*** DATA EXCERPTS ***
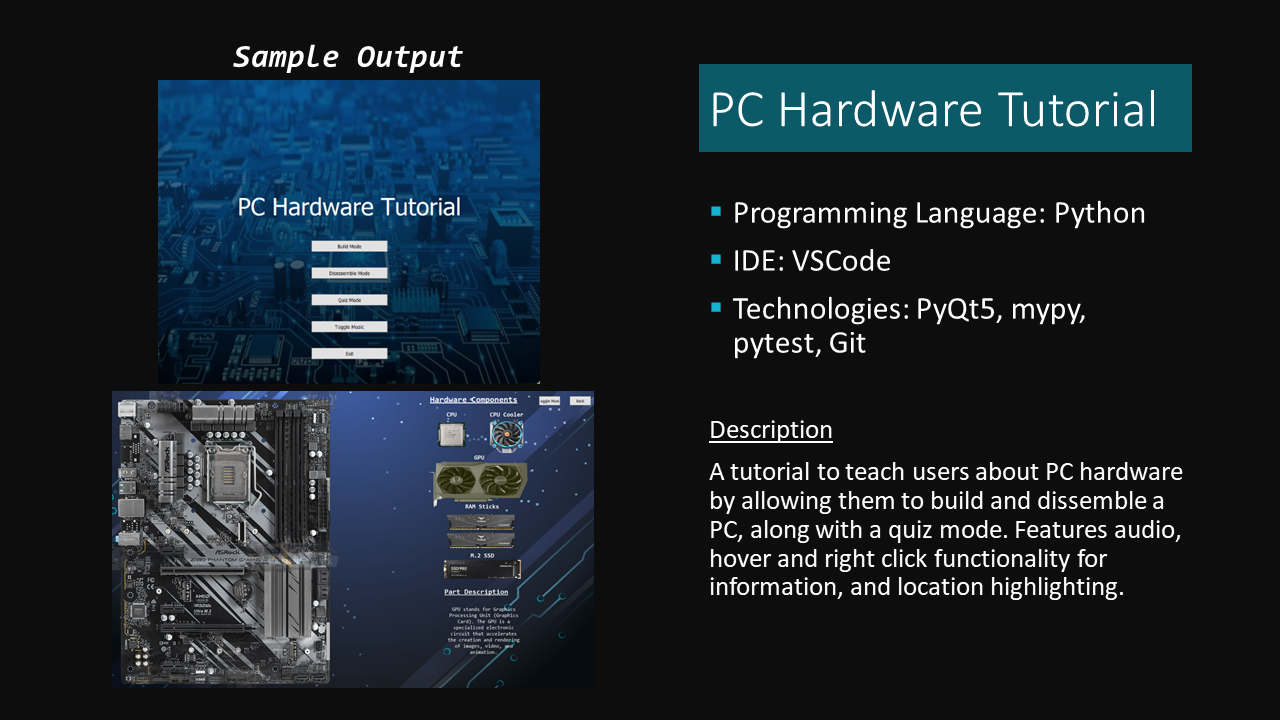 pc_hardware_tutorial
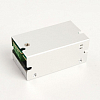Блок питания Feron LB002 48005 100_100_1745974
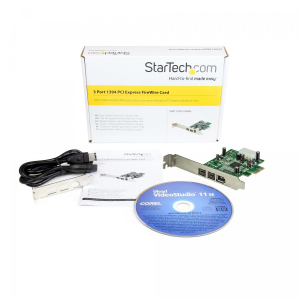 17450970002243-startechcomschedaadattatorepciexpressfirewire2b1a1394a3porte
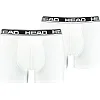Трусы-боксеры Head BASIC BOXER 2P мужские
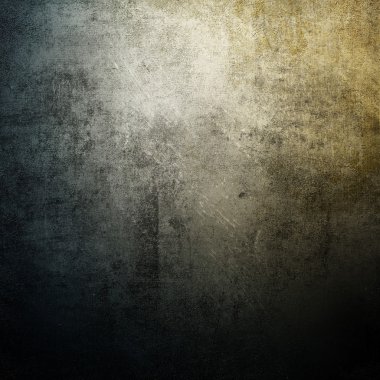 Grunge duvar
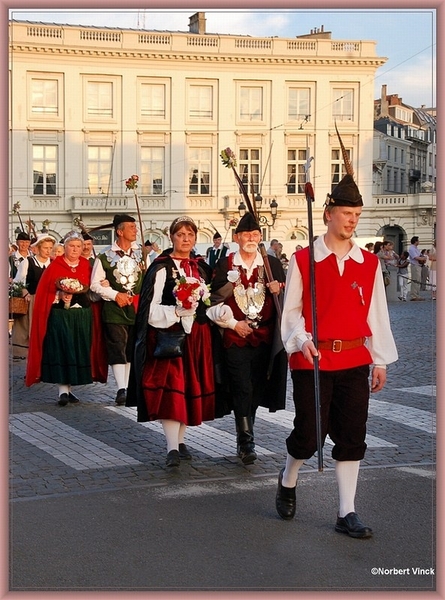 sized_sized_DSC21555a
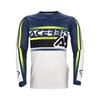 Acerbis koszulka LINEAR JERSEY motocyklowa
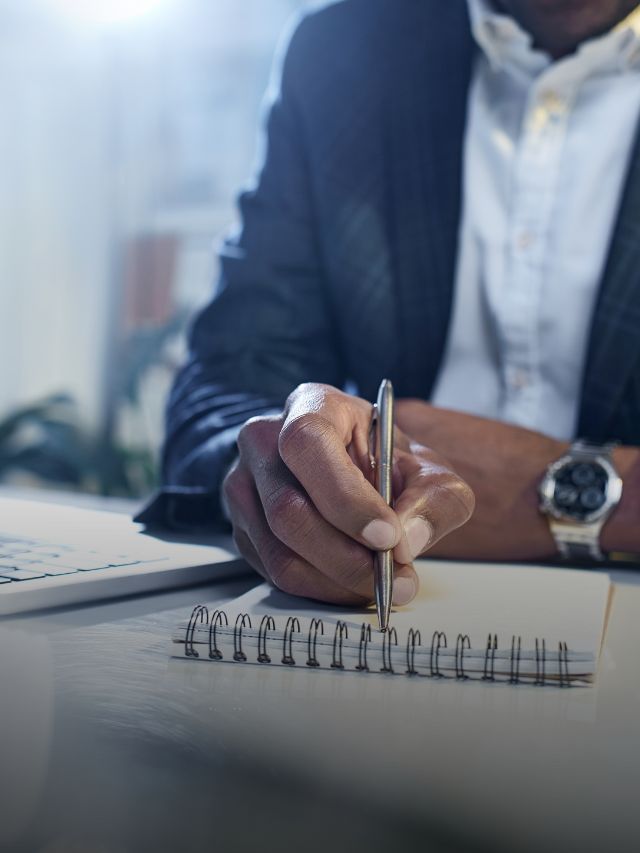 List of Skills You Can Gain from STEM Degree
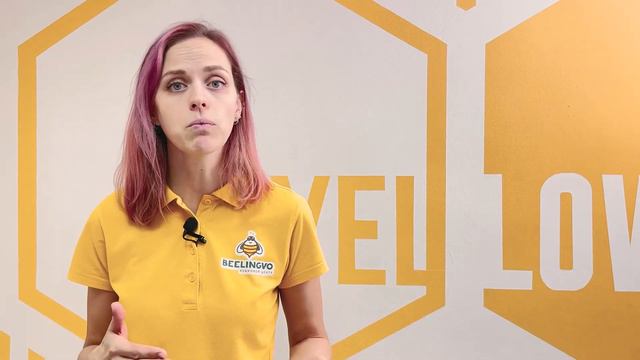 Работа мечты смотреть онлайн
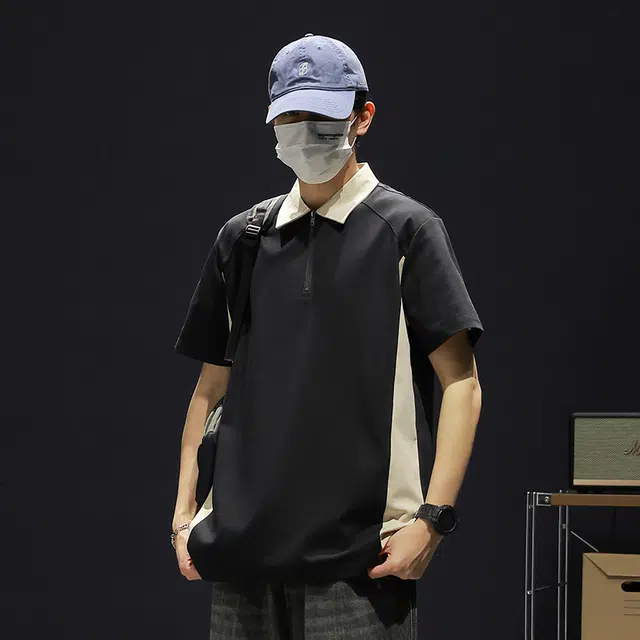 DESSO POLO
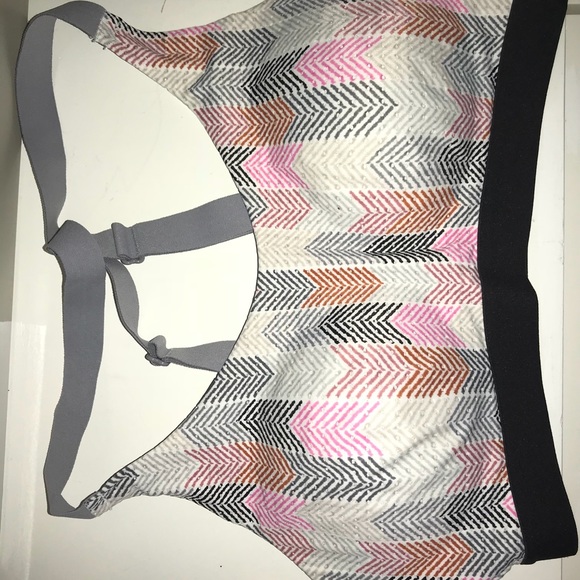 Victoria's Secret Other - Victoria’s Secret Sports Bra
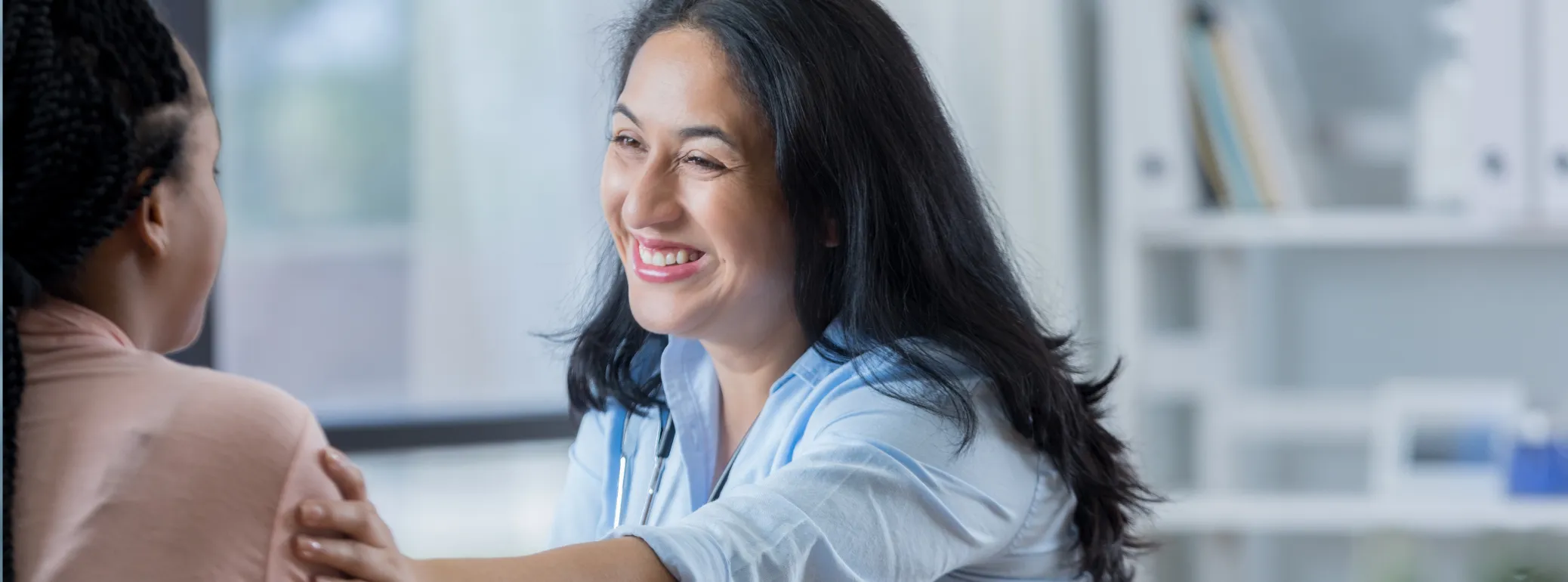 Neurosurgery at Fortis Hospitals
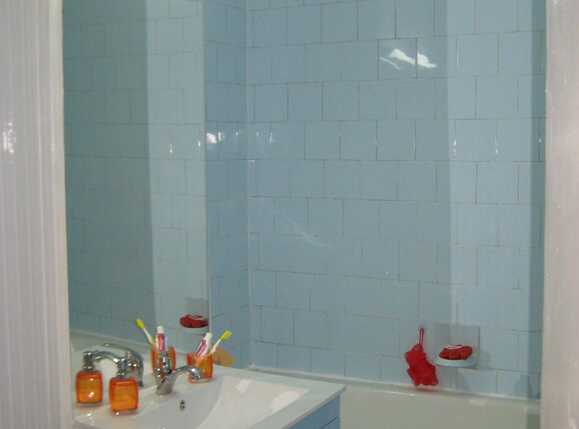 Apartament de vânzare 4 camere Manastur - 36256AV | BLITZ Cluj-Napoca | Poza10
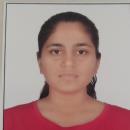 Photo of Janki B.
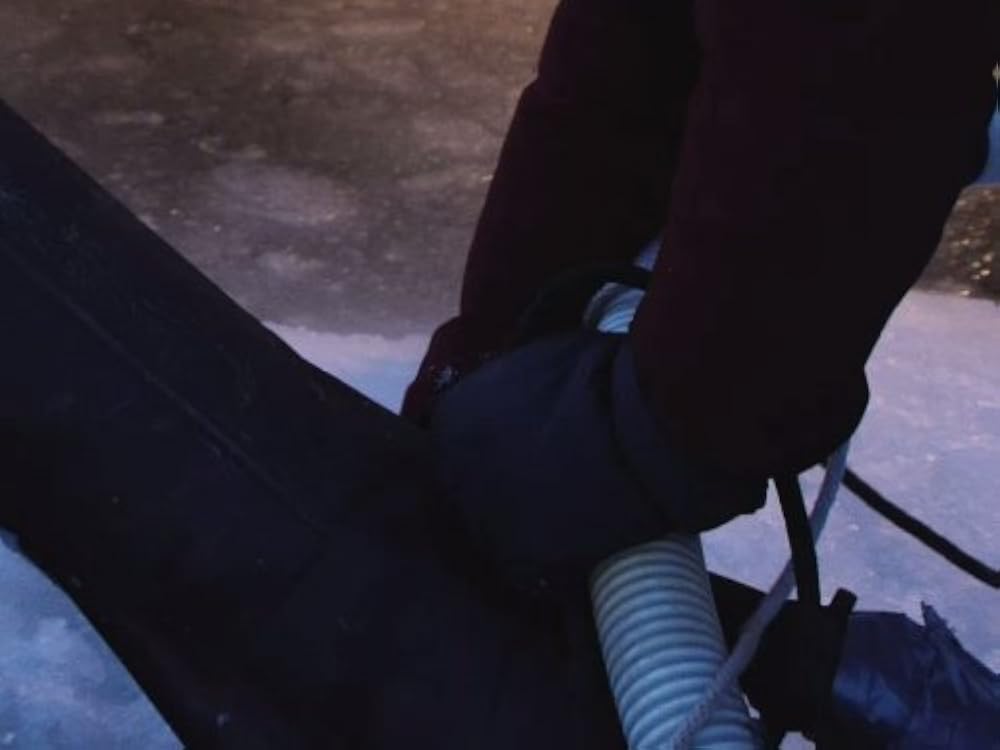 кадры. берингово море. золотая лихорадка берингово море. золотая лихорадка лед берингова моря. золотая лихорадка: берингово море сериал с 2012 г.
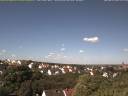 Vorschaubild von 19.08.2025 11:22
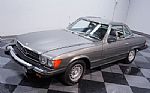 1980 450SL Thumbnail 54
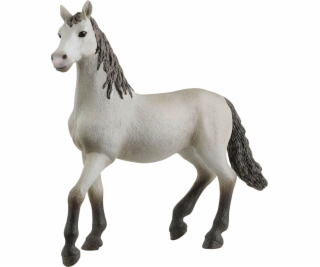 Schleich 13924 Pura Raza Espanola žriebä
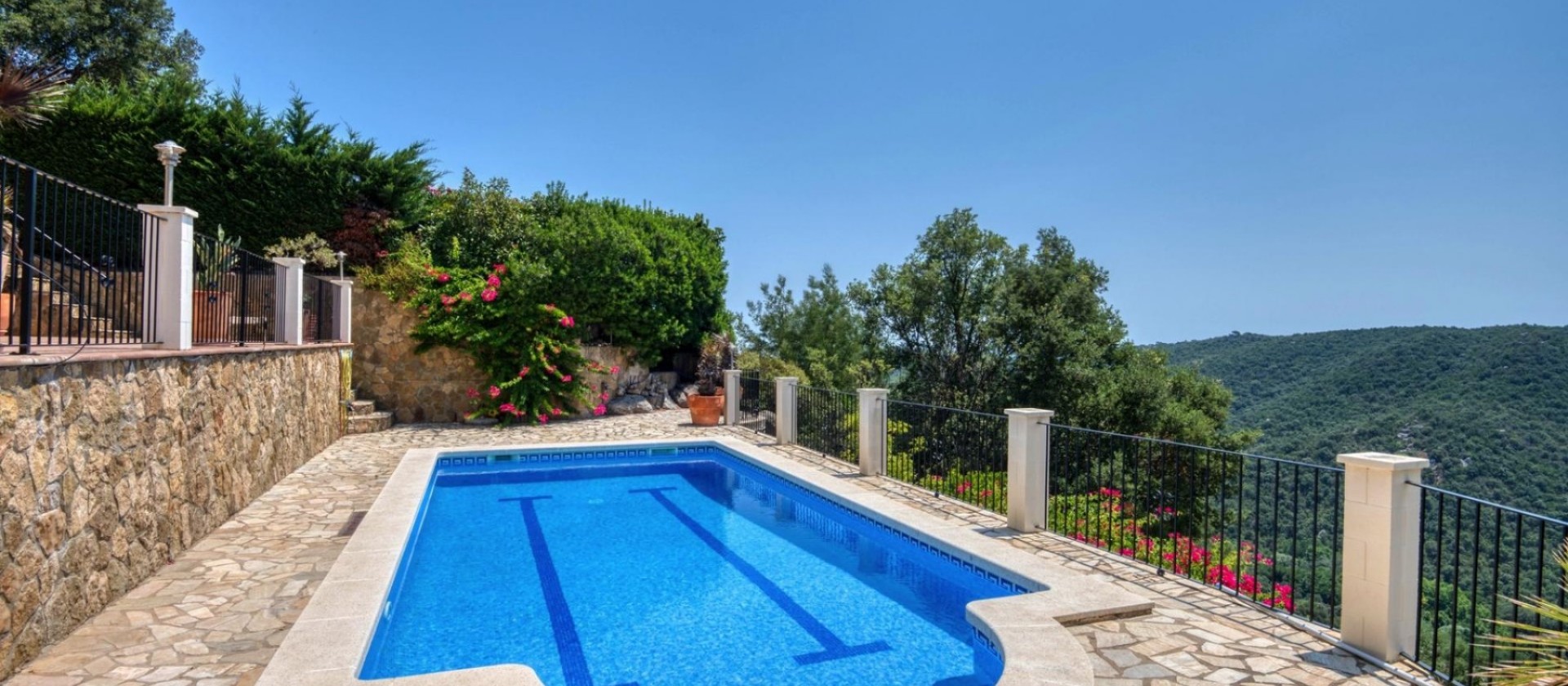 Resale - House - Calonge - Vizcondado de Cabanyes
*** End of DATA EXCERPTS ***
** TASK REQUIREMENTS **
Copy all the entries above exactly as they stand, except for the pictures.

** ANSWER **
 pc_hardware_tutorial
Блок питания Feron LB002 48005 100_100_1745974
 17450970002243-startechcomschedaadattatorepciexpressfirewire2b1a1394a3porte
Трусы-боксеры Head BASIC BOXER 2P мужские
 Grunge duvar
 sized_sized_DSC21555a
 Acerbis koszulka LINEAR JERSEY motocyklowa
 List of Skills You Can Gain from STEM Degree
 Работа мечты смотреть онлайн
 DESSO POLO
 Victoria's Secret Other - Victoria’s Secret Sports Bra
 Neurosurgery at Fortis Hospitals
 Apartament de vânzare 4 camere Manastur - 36256AV | BLITZ Cluj-Napoca | Poza10
 Photo of Janki B.
 кадры. берингово море. золотая лихорадка берингово море. золотая лихорадка лед берингова моря. золотая лихорадка: берингово море сериал с 2012 г.
 Vorschaubild von 19.08.2025 11:22
 1980 450SL Thumbnail 54
 Schleich 13924 Pura Raza Espanola žriebä
 Resale - House - Calonge - Vizcondado de Cabanyes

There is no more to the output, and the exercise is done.